Exceptions of Merger accounting:
S.56 (1) permits a company to give financial assistance for a purchase of, or subscription for, its shares in the following circumstances:
a) Where the lending of money is part of the ordinary business of the company and the money is lent by the company in the ordinary course of its business. In Steen v Law (52) the Privy Council explained that this provision does not validate a loan given for the express purpose of enabling the loanee to purchase the lending company's shares. This is so because no company can be constituted for the sole purpose of lending money to persons who would be buying its shares so that a loan it gives for any other purpose would be regarded as an "unusual" or "extraordinary", loan. To be valid, therefore, the loan must have been given for one of the purpose for which the company ordinarily or usually lends money but was diverted (wholly or partly) to a purchase of the lending company's shares.
b) Where the loan is to trustees to enable them to purchase fully paid shares in the company to be held under an employees' share scheme.
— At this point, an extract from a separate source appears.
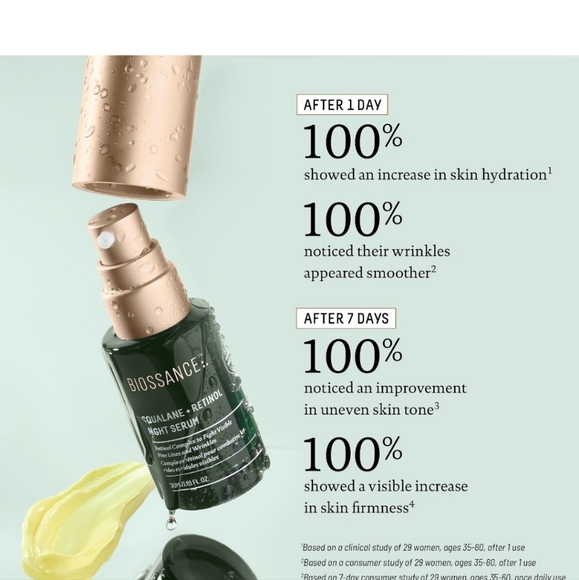 NEW Biossance Squalane Retinol Night Serum full size - Picture 4 of 4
c) Where the loan is to employees' (other than directors) to enable them to purchase or subscribe for fully-paid shares in the company or its holding company to be held by themselves by way of beneficial ownership. If a company gives a loan to an employee to purchase shares in the company the employee must have the shares registered in his own name and not the name of a spouse or child. This is intended to induce the employee to be more motivated and productive by ensuring that he personally and directly reaps the fruits of his increased productivity.